When Prime Minister Gordon Brown spoke recently about
his government's devotion to the United States, "founded on the values we
share," he was echoing his Foreign Office minister Kim Howells, who was preparing
to welcome the Saudi dictator to Britain with effusions of "shared values."
The meaning was the same in both cases. The values shared are those of rapacious
power and wealth, with democracy and human rights irrelevant, as the bloodbath
in Iraq and the suffering of the Palestinians attest, to name only two examples.
The "values we share" are celebrated by a shadowy organization that
has just held its annual conference. This is the British-American Project for
the Successor Generation (BAP), set up in 1985 with money from a Philadelphia
trust with a long history of supporting right-wing causes. Although the BAP
does not publicly acknowledge this origin, the source of its inspiration was
a call by President Reagan in 1983 for "successor generations" on
both sides of the Atlantic to "work together in the future on defense and
security matters." He made numerous references to "shared values."
Attending this ceremony in the White House Situation Room were the ideologues
Rupert Murdoch and the late James Goldsmith.

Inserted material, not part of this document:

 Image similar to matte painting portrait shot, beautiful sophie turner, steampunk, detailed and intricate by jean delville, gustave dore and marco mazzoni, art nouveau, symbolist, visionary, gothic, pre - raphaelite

As Reagan made clear, the need for the BAP arose from Washington's anxiety
about the growing opposition in Britain to nuclear weapons, especially the stationing
of cruise missiles in Europe. "A special concern," he said, "will
be the successor generations, as these younger people are the ones who will
have to work together in the future on defense and security issues." A
new, preferably young elite journalists, academics, economists, "civil
society" and liberal community leaders of one sort or another would
offset the growing "anti-Americanism."
The aims of this latter-day network, according to David Willetts, the former
director of studies at Britain's right-wing Center for Policy Studies, now a
member of the Tory shadow cabinet, are simply to "help reinforce Anglo-American
links, especially if some members already do or will occupy positions of influence."
A former British ambassador to Washington, Sir John Kerr, was more direct. In
a speech to BAP members, he said the organization's "powerful combination
of eminent Fellows and close Atlantic links threatened to put the embassy out
of a job." An American BAP organizer describes the BAP network as committed
to "grooming leaders" while promoting "the leading global role
that [the U.S. and Britain] continue to play."

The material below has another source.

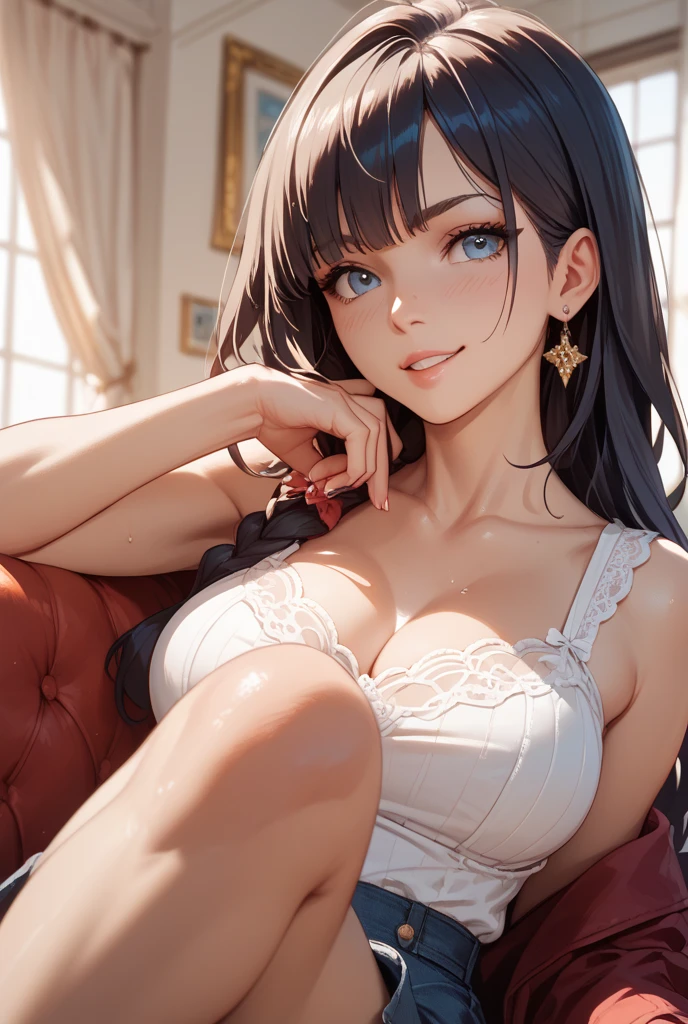 finest image, portrait, beautiful woman sitting, panty shots, professional lighting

The BAP's British "alumni" are drawn largely from new Labor and its
court. No fewer than four BAP "fellows" and one advisory board member
became ministers in the first Blair government. The new Labor names include
Peter Mandelson, George Robertson, Baroness Symons, Jonathan Powell (Blair's
chief of staff), Baroness Scotland, Douglas Alexander, Geoff Mulgan, Matthew
Taylor, and David Miliband. Some are Fabian Society members and describe themselves
as being "on the left." Trevor Phillips, chair of the Equality and
Human Rights Commission, is another member. They object to whispers of "a
conspiracy." The mutuality of class or aspiration is merely assured, unspoken,
and the warm embrace of power flattering and often productive.

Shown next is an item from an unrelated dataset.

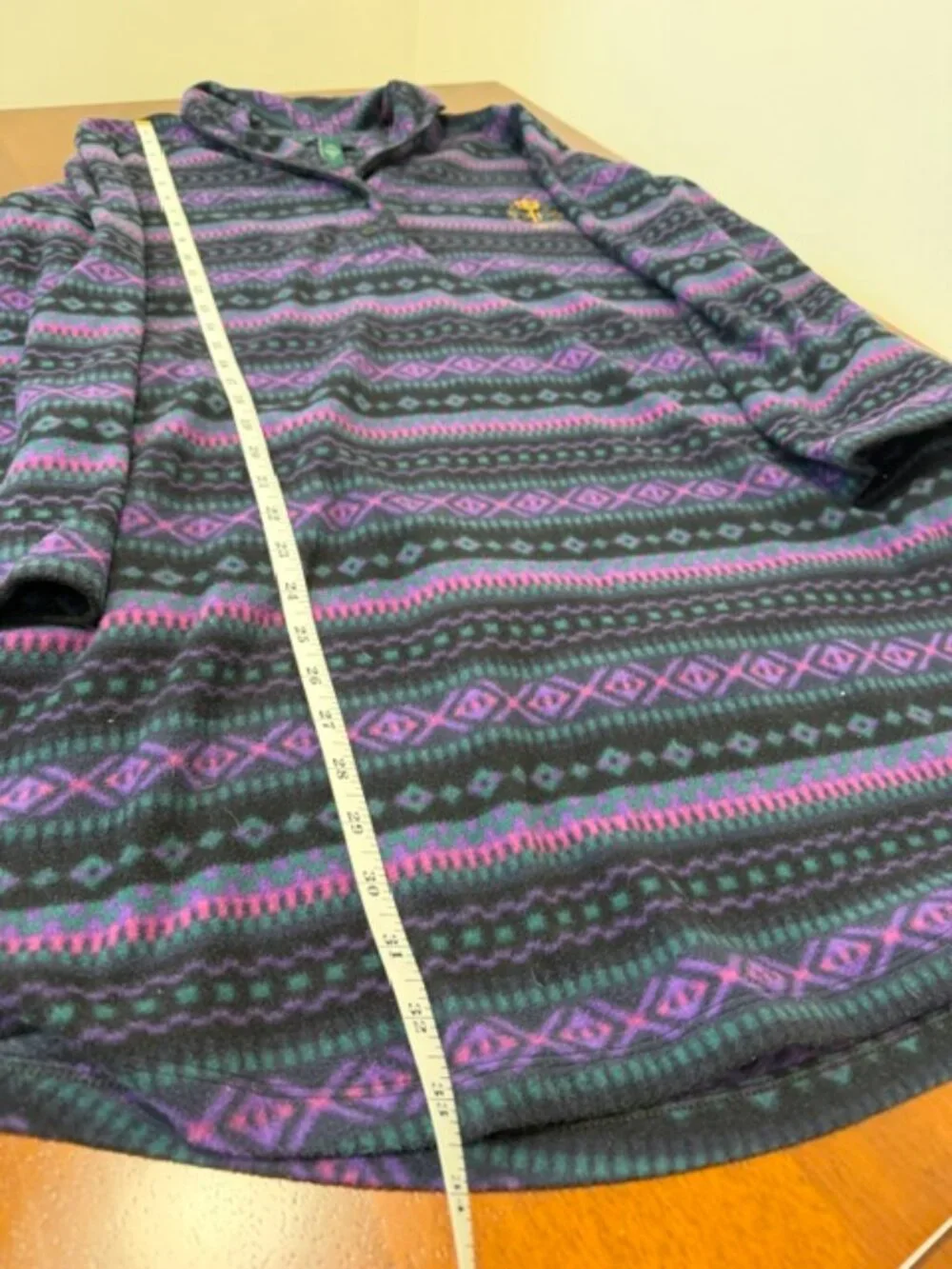 Ralph Lauren Purple Black Fleece Sleepshirt Tunic Nightgown Pockets.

BAP conferences are held alternately in the U.S. and Britain. This year's was
in Newcastle, with the theme "Faith and Justice." On the U.S. board
is Diana Negroponte, the wife of John Negroponte, Bush's former national security
chief notorious for his associations with death-squad politics in central America.
He follows another leading neocon, Paul Wolfowitz, architect of the invasion
of Iraq and discredited head of the World Bank. Since 1985, BAP "alumni"
and "fellows" have been brought together courtesy of Coca-Cola, Monsanto,
Saatchi & Saatchi, Philip Morris, and British Airways, among other multinationals.
Nick Butler, formerly a top dog at BP, has been a leading light.
For many, the conferences have the revivalist pleasures honed by American PR
techniques, with management games, personal presentations, and a closing jolly
revue to lighten the serious business. The 2002 conference report noted: "Many
BAP alumni are directly involved with U.S. and UK military and defense establishments."
The BAP rarely gets publicity, which may have something to do with the high
proportion of journalists who are alumni. Prominent BAP journalists are David
Lipsey, Yasmin Alibhai-Brown, and assorted Murdochites. The BBC is well represented.
On the popular Today program, James Naughtie, whose broadcasting has
long reflected his own transatlantic interests, has been an alumnus since 1989.
Today's newest voice, Evan Davis, formerly the BBC's zealous economics editor,
is a member. And at the top of the BAP Web site home page is a photograph of
the famous BBC broadcaster Jeremy Paxman and his endorsement. "A marvelous
way of meeting a varied cross-section of transatlantic friends," says he.